Exercise description: Only those lines in the data below from the line containing "Forma de gobierno: República" through the line containing "Detail Gallery Image", both included, should be restated word for word.

Caption-style text data:
┌──
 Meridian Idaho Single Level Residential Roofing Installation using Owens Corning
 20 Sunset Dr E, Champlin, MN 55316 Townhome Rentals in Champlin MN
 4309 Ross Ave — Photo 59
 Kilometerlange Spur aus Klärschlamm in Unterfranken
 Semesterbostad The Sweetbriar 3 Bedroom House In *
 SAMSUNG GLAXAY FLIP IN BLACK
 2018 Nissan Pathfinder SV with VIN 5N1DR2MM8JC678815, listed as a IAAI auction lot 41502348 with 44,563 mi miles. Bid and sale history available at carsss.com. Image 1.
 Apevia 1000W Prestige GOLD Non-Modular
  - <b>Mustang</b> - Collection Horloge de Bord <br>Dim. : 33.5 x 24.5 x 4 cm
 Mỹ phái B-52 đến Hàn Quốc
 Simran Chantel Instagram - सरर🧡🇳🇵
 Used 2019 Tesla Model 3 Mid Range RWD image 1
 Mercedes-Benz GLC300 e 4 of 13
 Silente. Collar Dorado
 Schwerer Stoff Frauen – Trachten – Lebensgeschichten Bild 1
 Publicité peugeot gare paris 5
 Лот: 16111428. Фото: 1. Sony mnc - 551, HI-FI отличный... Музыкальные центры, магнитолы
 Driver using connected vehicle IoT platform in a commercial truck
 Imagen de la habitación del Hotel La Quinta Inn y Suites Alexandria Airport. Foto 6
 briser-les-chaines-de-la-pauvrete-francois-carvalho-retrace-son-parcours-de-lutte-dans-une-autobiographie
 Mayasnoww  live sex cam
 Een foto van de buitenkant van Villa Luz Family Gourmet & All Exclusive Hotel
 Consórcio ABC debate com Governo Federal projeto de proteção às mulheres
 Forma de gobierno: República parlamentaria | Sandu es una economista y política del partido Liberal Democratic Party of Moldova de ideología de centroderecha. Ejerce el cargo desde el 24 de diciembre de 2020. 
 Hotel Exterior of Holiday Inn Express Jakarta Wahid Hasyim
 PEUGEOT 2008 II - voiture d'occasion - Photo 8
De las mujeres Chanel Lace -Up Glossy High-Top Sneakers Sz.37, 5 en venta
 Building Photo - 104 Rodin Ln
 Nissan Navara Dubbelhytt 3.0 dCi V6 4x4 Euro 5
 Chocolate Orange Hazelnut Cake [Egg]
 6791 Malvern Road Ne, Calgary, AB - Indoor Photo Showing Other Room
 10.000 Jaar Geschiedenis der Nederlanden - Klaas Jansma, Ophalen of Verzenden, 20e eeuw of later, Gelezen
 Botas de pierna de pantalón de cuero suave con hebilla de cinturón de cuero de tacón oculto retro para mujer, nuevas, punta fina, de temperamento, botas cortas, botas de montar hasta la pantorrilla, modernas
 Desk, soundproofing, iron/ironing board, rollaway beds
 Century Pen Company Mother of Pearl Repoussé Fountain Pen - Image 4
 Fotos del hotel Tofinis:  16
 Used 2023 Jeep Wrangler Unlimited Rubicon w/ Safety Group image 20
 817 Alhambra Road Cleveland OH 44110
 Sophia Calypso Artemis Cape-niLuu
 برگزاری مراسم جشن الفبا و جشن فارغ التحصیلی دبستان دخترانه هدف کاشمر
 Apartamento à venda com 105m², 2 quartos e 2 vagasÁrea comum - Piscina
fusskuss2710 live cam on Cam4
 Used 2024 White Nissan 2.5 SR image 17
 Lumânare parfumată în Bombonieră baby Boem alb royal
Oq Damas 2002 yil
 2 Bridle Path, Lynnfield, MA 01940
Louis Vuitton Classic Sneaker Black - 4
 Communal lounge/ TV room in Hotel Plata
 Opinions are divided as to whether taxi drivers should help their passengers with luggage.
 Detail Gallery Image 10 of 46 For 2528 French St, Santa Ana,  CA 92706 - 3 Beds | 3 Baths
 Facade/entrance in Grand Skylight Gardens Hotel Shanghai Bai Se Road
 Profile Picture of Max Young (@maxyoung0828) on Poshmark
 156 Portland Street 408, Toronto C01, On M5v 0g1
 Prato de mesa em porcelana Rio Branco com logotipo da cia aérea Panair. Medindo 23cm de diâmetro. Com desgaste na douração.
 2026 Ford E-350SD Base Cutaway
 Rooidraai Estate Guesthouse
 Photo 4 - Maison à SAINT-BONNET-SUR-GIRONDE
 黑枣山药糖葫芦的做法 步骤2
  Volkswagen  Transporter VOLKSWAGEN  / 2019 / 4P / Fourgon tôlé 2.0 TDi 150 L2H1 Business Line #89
└──
Result of the task:
 Forma de gobierno: República parlamentaria | Sandu es una economista y política del partido Liberal Democratic Party of Moldova de ideología de centroderecha. Ejerce el cargo desde el 24 de diciembre de 2020. 
 Hotel Exterior of Holiday Inn Express Jakarta Wahid Hasyim
 PEUGEOT 2008 II - voiture d'occasion - Photo 8
De las mujeres Chanel Lace -Up Glossy High-Top Sneakers Sz.37, 5 en venta
 Building Photo - 104 Rodin Ln
 Nissan Navara Dubbelhytt 3.0 dCi V6 4x4 Euro 5
 Chocolate Orange Hazelnut Cake [Egg]
 6791 Malvern Road Ne, Calgary, AB - Indoor Photo Showing Other Room
 10.000 Jaar Geschiedenis der Nederlanden - Klaas Jansma, Ophalen of Verzenden, 20e eeuw of later, Gelezen
 Botas de pierna de pantalón de cuero suave con hebilla de cinturón de cuero de tacón oculto retro para mujer, nuevas, punta fina, de temperamento, botas cortas, botas de montar hasta la pantorrilla, modernas
 Desk, soundproofing, iron/ironing board, rollaway beds
 Century Pen Company Mother of Pearl Repoussé Fountain Pen - Image 4
 Fotos del hotel Tofinis:  16
 Used 2023 Jeep Wrangler Unlimited Rubicon w/ Safety Group image 20
 817 Alhambra Road Cleveland OH 44110
 Sophia Calypso Artemis Cape-niLuu
 برگزاری مراسم جشن الفبا و جشن فارغ التحصیلی دبستان دخترانه هدف کاشمر
 Apartamento à venda com 105m², 2 quartos e 2 vagasÁrea comum - Piscina
fusskuss2710 live cam on Cam4
 Used 2024 White Nissan 2.5 SR image 17
 Lumânare parfumată în Bombonieră baby Boem alb royal
Oq Damas 2002 yil
 2 Bridle Path, Lynnfield, MA 01940
Louis Vuitton Classic Sneaker Black - 4
 Communal lounge/ TV room in Hotel Plata
 Opinions are divided as to whether taxi drivers should help their passengers with luggage.
 Detail Gallery Image 10 of 46 For 2528 French St, Santa Ana,  CA 92706 - 3 Beds | 3 Baths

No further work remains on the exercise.